29 Jul 2010
If both companies keep operating in different end user markets there is a chance they will alienate their traditional user base. That said, while both companies were busy morphing into each other, a greater threat in the guise of Google's Android appeared on the horizon.
Google's own smartphones are no longer a threat since it has announced plans to stop selling the Nexus One, but its open-source Android operating system has been widely deployed over consumer and business devices simultaneously. Android is ubiquitous on handsets from HTC's consumer Wildfire smartphone to Cisco's recently announced Cius business tablet.
Apple might have initiated the consumerisation of corporate IT, but companies like Cisco are keen to exploit that trend.
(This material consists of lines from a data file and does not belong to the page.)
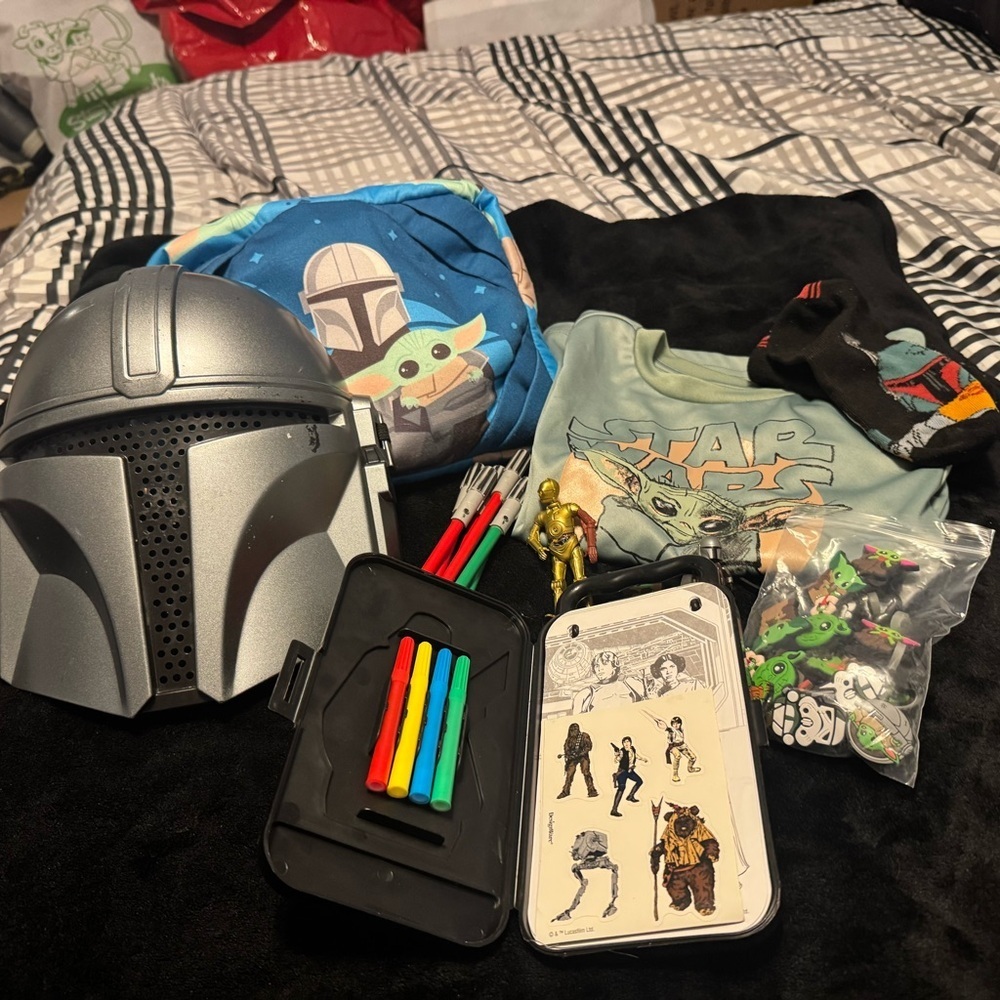 Star Wars Themed Collection with Accessories - Picture 10 of 11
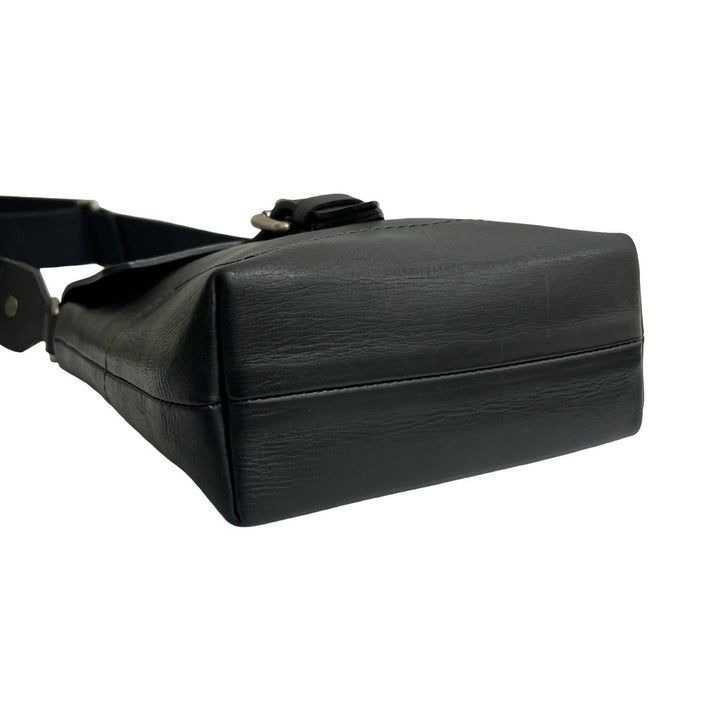 Shoulder bag Louis Vuitton Yuma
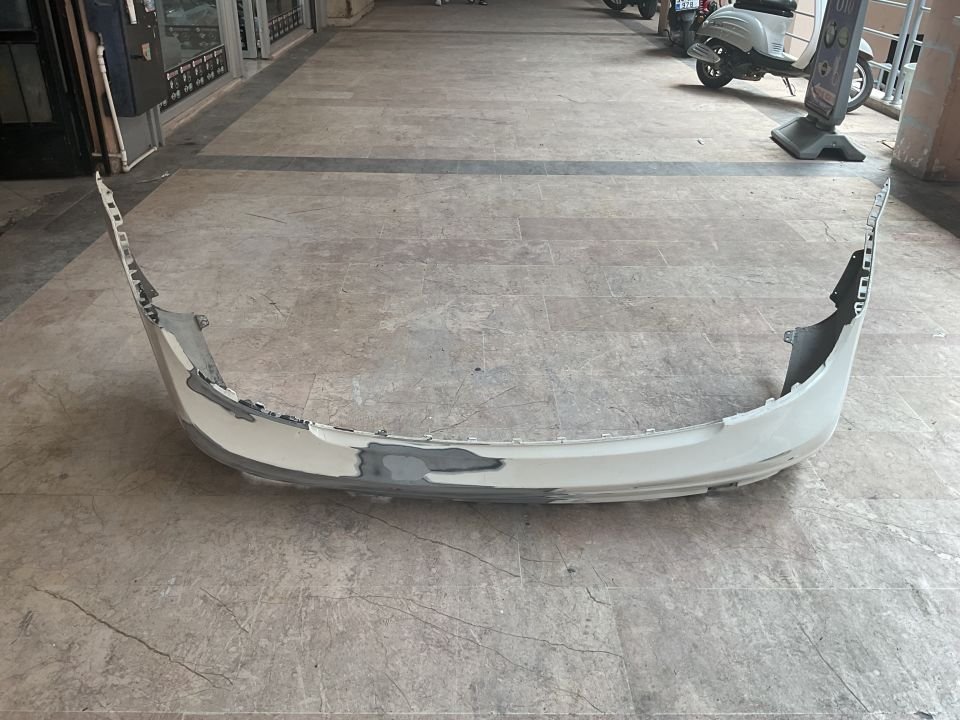MERCEDES W204 MAKYAJLI AMG ARKA TAMPON ÇIKMA ORJİNAL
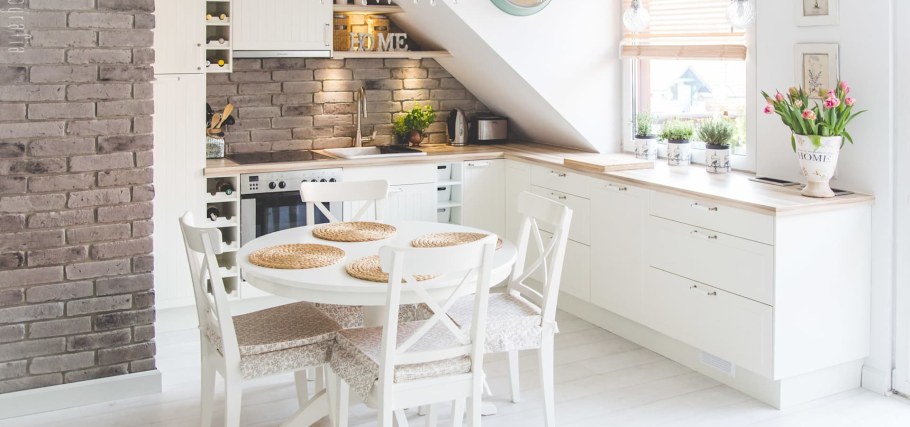 Белая кирпичная стена на кухне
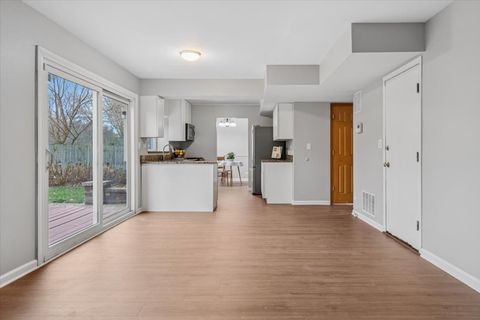 Tiny photo for 3131 Portland Court, Aurora, IL 60504 (MLS # 12503936)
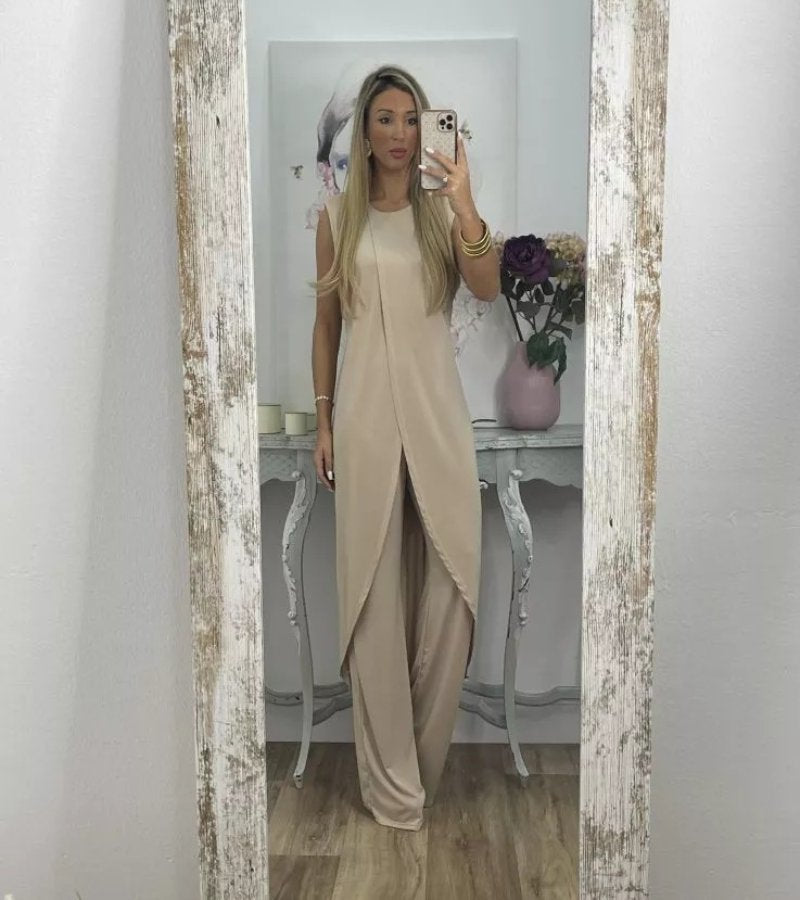 Flavia - Stylish Ensemble with Sleeves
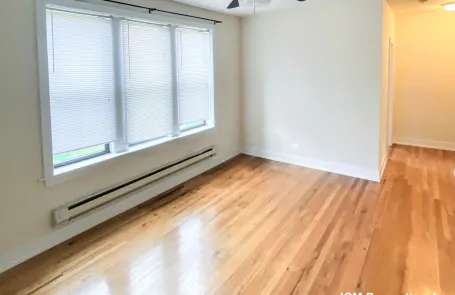 2 Bedroom Lakeview Apartment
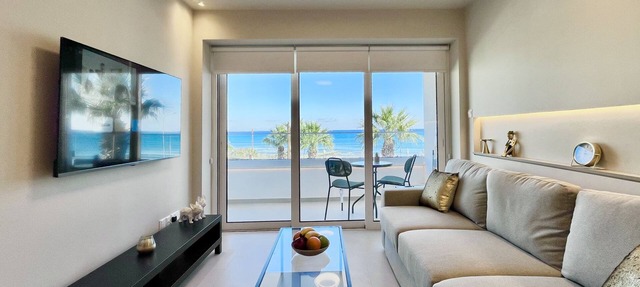 14 LCA - Stay Atalanta Apartment in Larnaca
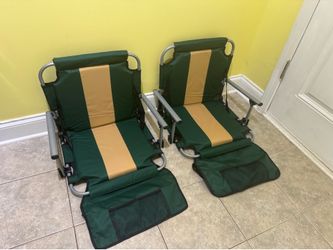 Set of 2 portable and foldable stadium seats in GOOD condition!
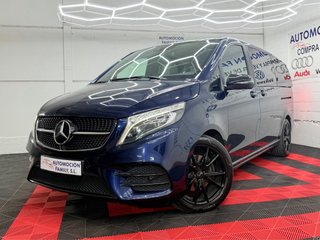 Mercedes-Benz V300d AMG 2022 239cv 9 velocidades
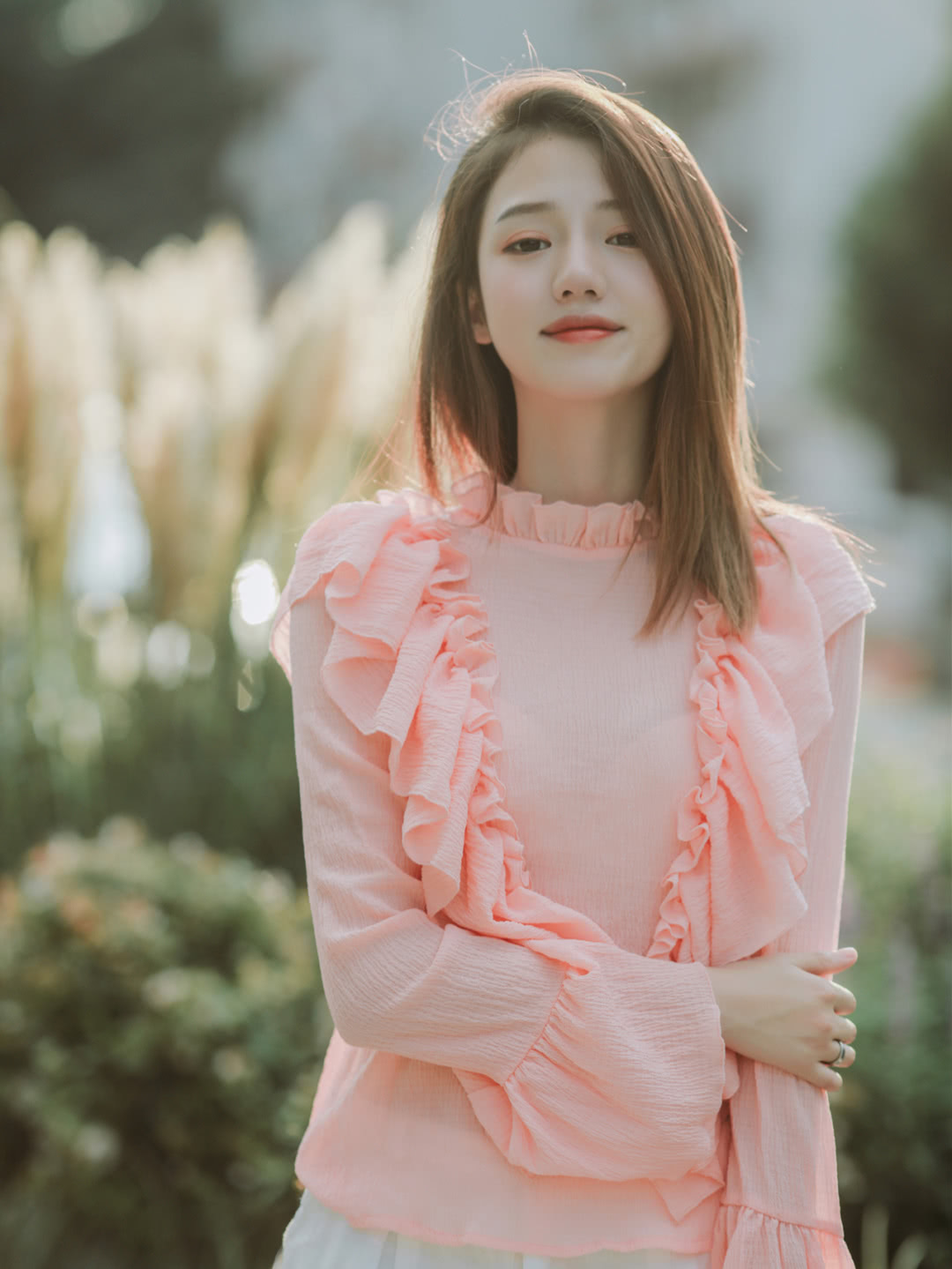 人像写真拍照姿势,推荐这10个好看技巧,会拍照的人都在用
This could make Android the perfect tool to expand in both directions, outfoxing RIM and Apple.
RIM still has the biggest slice of the corporate pie, but its market share is slipping in North America and it's not Apple's fault. Recent reports on the US smartphone market by research house comScore saw RIM and Apple lose share.
The research was performed over a three-month period ending in May 2010. RIM had a 41.7 per cent share, while Apple had 25.4 per cent and, in that short period of time, both companies lost share to Google. Android moved up to 13 per cent, nearly displacing Microsoft from fourth place.
RIM still has the heart of IT managers in corporations but, in trying to mimic Apple, the firm has taken its eye off the ball. RIM doesn't have Apple's technological savvy, and lacks the depth of penetration from third-party vendors to support its hardware at work.
The company is also running separate business and consumer portfolios, when the rest of the world is moving to consumerised enterprise IT. RIM has excellent hardware and needs to exploit the same trend as Apple and Google if it wants to come out fighting in the 2020s.